As a youngster, I worked in the service dept of a marine dealer and marina. While there, I helped launch and retrieve dozens of boats at different ramps. I made probably every possible mistake. I also learned to drive a boat onto a trailer.

When I was able to buy a boat many years later, one of the first things I did was to take it to a local ramp during the week when no one was around. I measured and adjusted the trailer so that it would be very difficult to load the boat off center. It was almost self centering.

This accomplished a couple things. One, I got a lot of practice loading and launching that boat while making and testing adjustments. Two, once adjusted, the boat would almost self center on the trailer. It usually took longer to park or retrieve my vehicle than to launch or load the boat.

I worked at the boat place for many years. It was often hard, hot and dirty work, but I learned things that have benefitted me professionally and personally.

I really think dealers should offer a service where they take new owners out and teach them the fundamentals. A number of accidents and injuries happen at boat ramps.

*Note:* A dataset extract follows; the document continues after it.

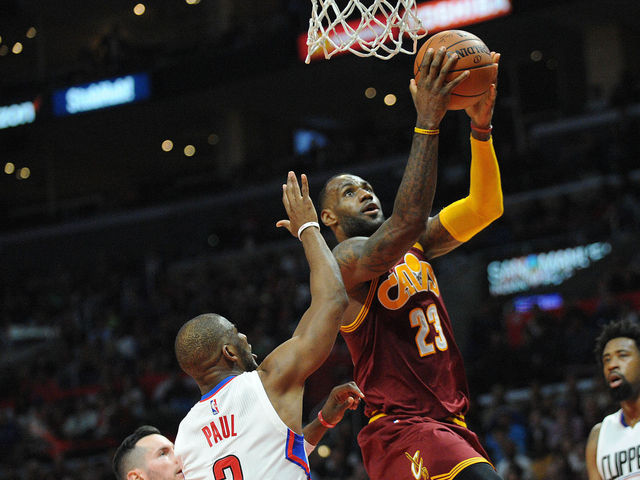 Watch: LeBron brags about beating CP3 in UNO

Sent from my Pixel 6 Pro using Tapatalk


----------



## Boardfeet (Sep 27, 2007)

This is why I launch at a private ramp. I’ve never had to wait To launch or retrieve my boat.


----------



## etrade92 (Jul 30, 2015)

TheBeeDeeGee said:


> Another group of idiots docked his boat IN THE RAMP and then went to go get his truck and get in the long line of trucks blocking a whole ramp spot for like 20-30 min.



A guy in front of me tried this on Saturday. He started walking to retrieve his vehicle and saw me backing down the ramp with a purpose. I would have made his wife and kids move it if he didn't. He had a change of mind and kindly moved it over to the staging dock. I was on the trailer and out of there in under 5 minutes. 

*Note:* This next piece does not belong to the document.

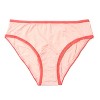 Hanky Panky Women's MoveCalm™ Rouched Brief - 3 of 4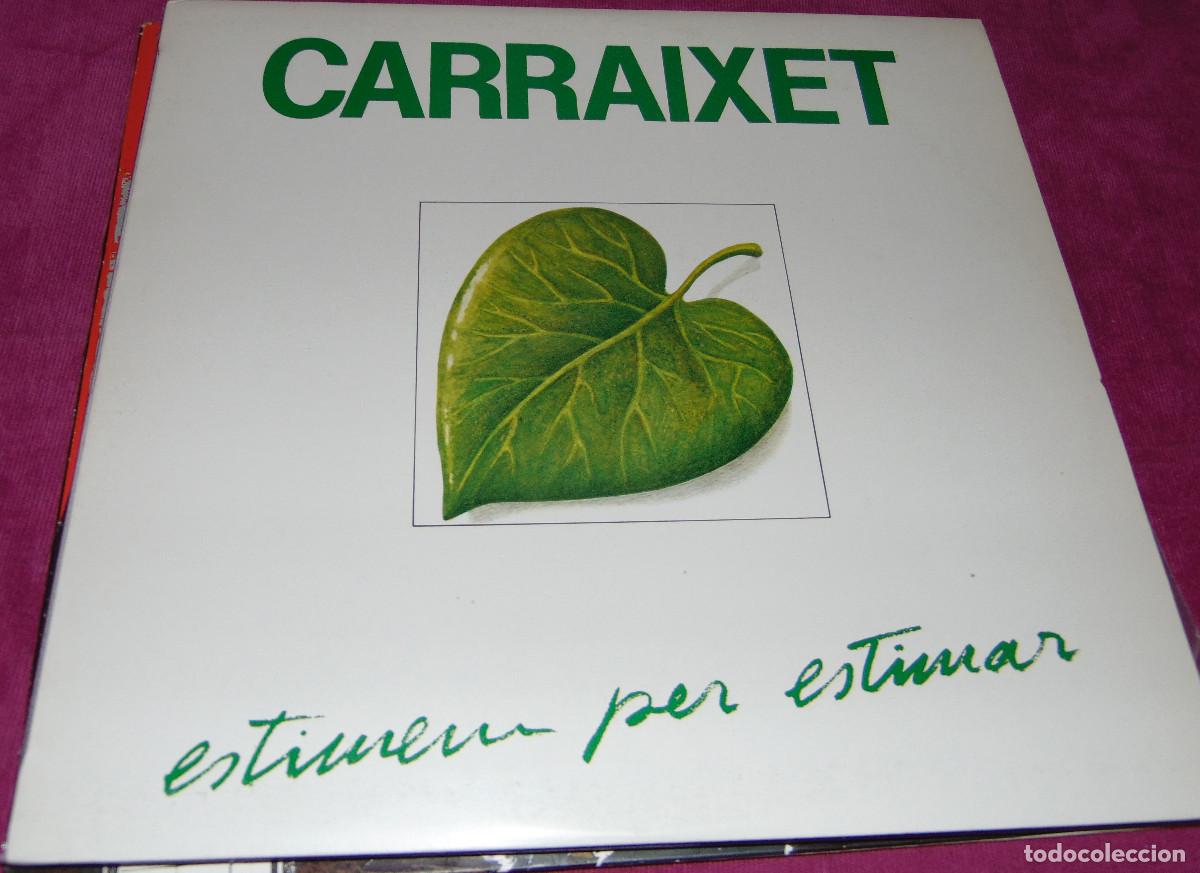 Discos de vinilo: Carraixet &ndash; Estimem Per Estimar - LP 1983 - Foto 1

No words were spoken to each other but that weird guy like telepathy thing happened where he knew what to do and what my intentions were.


----------



## stevenattsu (Apr 24, 2009)

It was wild Saturday. I've got the wife trained to unload and load the boat on the trailer, takes us about 1 min. We get some unusually stares


----------



## Realtor (Oct 1, 2007)

Boardfeet said:


> This is why I launch at a private ramp. I’ve never had to wait To launch or retrieve my boat.


You're special


----------



## TheBeeDeeGee (Oct 3, 2017)

etrade92 said:


> I was on the trailer and out of there in under 5 minutes.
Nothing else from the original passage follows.